YOUR OBJECTIVE:
In the data below, the answer is the run of lines from the line containing "Assorted 2-Piece Plaid Placemats Clothing" through the line containing "[Sifre] TRIDENT TRI1030", both included; print it exactly and nothing else.

== DATA FOR THE TASK

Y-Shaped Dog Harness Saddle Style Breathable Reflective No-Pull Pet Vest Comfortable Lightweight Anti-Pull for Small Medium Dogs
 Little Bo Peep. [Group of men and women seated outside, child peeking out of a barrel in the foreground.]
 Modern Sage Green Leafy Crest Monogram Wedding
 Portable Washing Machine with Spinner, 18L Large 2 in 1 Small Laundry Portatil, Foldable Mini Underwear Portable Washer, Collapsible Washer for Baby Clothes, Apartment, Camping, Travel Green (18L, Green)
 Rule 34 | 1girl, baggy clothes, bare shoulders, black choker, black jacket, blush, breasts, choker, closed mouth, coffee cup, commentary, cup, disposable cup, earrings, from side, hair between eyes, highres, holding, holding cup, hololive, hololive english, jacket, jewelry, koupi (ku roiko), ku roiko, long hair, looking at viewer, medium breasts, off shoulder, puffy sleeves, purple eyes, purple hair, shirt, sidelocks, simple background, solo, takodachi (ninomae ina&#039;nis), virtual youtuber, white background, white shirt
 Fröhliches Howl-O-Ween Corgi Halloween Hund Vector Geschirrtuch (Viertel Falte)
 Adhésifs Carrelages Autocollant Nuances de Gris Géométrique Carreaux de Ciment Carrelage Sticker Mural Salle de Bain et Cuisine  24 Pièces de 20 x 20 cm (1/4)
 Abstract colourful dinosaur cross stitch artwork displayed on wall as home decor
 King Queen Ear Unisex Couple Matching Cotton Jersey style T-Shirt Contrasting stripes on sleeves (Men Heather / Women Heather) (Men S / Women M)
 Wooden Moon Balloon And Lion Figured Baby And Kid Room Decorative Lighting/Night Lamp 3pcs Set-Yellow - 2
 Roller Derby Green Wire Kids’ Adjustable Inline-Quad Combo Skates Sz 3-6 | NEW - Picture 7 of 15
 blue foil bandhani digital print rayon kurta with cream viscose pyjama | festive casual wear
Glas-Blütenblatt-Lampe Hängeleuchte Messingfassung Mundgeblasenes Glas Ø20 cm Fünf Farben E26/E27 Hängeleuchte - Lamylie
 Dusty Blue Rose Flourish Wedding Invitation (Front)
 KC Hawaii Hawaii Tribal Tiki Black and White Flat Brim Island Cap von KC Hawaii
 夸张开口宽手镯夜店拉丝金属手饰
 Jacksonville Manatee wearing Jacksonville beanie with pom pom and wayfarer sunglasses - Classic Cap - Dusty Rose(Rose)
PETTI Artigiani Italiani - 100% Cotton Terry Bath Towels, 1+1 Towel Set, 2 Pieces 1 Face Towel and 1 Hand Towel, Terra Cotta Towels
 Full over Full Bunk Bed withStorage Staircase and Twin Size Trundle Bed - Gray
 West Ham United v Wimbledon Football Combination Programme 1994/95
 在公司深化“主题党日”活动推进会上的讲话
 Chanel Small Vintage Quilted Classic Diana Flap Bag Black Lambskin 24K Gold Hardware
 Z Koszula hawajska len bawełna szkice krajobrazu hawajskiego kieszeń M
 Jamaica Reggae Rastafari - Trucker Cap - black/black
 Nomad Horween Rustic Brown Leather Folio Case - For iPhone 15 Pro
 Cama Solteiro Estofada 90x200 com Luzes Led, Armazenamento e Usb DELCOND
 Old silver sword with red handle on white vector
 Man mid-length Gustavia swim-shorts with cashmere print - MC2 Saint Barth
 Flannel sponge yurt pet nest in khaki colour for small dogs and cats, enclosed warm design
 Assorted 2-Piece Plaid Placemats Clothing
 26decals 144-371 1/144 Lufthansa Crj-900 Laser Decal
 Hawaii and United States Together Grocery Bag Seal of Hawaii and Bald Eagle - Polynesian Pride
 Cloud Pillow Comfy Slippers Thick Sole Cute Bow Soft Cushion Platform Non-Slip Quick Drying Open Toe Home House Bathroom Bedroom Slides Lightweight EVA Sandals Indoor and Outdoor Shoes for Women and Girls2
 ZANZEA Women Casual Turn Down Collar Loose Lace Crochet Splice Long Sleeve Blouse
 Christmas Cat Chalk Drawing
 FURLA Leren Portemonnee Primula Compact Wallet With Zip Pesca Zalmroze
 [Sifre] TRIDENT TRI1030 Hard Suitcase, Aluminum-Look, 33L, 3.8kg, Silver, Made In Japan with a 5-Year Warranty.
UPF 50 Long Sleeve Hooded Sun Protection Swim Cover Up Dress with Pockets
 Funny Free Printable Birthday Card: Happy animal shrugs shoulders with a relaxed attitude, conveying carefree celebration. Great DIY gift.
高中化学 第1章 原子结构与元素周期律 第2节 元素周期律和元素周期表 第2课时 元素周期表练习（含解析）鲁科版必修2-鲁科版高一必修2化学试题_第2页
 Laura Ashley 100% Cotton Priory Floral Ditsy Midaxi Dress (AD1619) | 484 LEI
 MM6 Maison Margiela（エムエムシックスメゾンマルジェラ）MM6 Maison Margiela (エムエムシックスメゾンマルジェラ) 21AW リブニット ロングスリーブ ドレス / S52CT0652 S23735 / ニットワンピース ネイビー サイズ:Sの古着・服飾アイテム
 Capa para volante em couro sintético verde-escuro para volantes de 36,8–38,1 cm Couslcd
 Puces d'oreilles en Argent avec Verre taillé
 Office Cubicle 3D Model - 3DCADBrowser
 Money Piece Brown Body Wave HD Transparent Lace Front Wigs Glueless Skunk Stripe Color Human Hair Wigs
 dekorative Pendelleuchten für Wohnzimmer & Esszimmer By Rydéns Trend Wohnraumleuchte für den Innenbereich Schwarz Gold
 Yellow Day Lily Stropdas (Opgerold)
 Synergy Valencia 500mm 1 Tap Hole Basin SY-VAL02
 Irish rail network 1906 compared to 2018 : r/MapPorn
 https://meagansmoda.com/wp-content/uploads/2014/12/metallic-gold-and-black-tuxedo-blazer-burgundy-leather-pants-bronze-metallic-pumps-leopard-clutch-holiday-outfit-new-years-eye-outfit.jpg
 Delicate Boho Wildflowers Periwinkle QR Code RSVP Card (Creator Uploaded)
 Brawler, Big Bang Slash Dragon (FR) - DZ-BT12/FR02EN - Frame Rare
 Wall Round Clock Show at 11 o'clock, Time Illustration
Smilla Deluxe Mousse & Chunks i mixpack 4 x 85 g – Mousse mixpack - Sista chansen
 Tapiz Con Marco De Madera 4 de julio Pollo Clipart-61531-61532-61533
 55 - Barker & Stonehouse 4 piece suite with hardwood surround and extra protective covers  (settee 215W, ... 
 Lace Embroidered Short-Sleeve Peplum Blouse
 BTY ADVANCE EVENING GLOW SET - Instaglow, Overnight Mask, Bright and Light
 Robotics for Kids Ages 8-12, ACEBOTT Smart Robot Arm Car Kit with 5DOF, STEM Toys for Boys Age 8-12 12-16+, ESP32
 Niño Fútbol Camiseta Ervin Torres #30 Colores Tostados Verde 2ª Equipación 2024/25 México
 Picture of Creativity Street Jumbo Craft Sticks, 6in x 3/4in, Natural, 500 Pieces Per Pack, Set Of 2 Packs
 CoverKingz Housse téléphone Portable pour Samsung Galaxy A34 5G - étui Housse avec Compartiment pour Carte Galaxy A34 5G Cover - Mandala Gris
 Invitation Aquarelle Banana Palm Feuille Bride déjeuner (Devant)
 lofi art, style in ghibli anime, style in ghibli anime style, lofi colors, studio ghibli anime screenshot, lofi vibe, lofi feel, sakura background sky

====

THE COMPLETED TASK:
 Assorted 2-Piece Plaid Placemats Clothing
 26decals 144-371 1/144 Lufthansa Crj-900 Laser Decal
 Hawaii and United States Together Grocery Bag Seal of Hawaii and Bald Eagle - Polynesian Pride
 Cloud Pillow Comfy Slippers Thick Sole Cute Bow Soft Cushion Platform Non-Slip Quick Drying Open Toe Home House Bathroom Bedroom Slides Lightweight EVA Sandals Indoor and Outdoor Shoes for Women and Girls2
 ZANZEA Women Casual Turn Down Collar Loose Lace Crochet Splice Long Sleeve Blouse
 Christmas Cat Chalk Drawing
 FURLA Leren Portemonnee Primula Compact Wallet With Zip Pesca Zalmroze
 [Sifre] TRIDENT TRI1030 Hard Suitcase, Aluminum-Look, 33L, 3.8kg, Silver, Made In Japan with a 5-Year Warranty.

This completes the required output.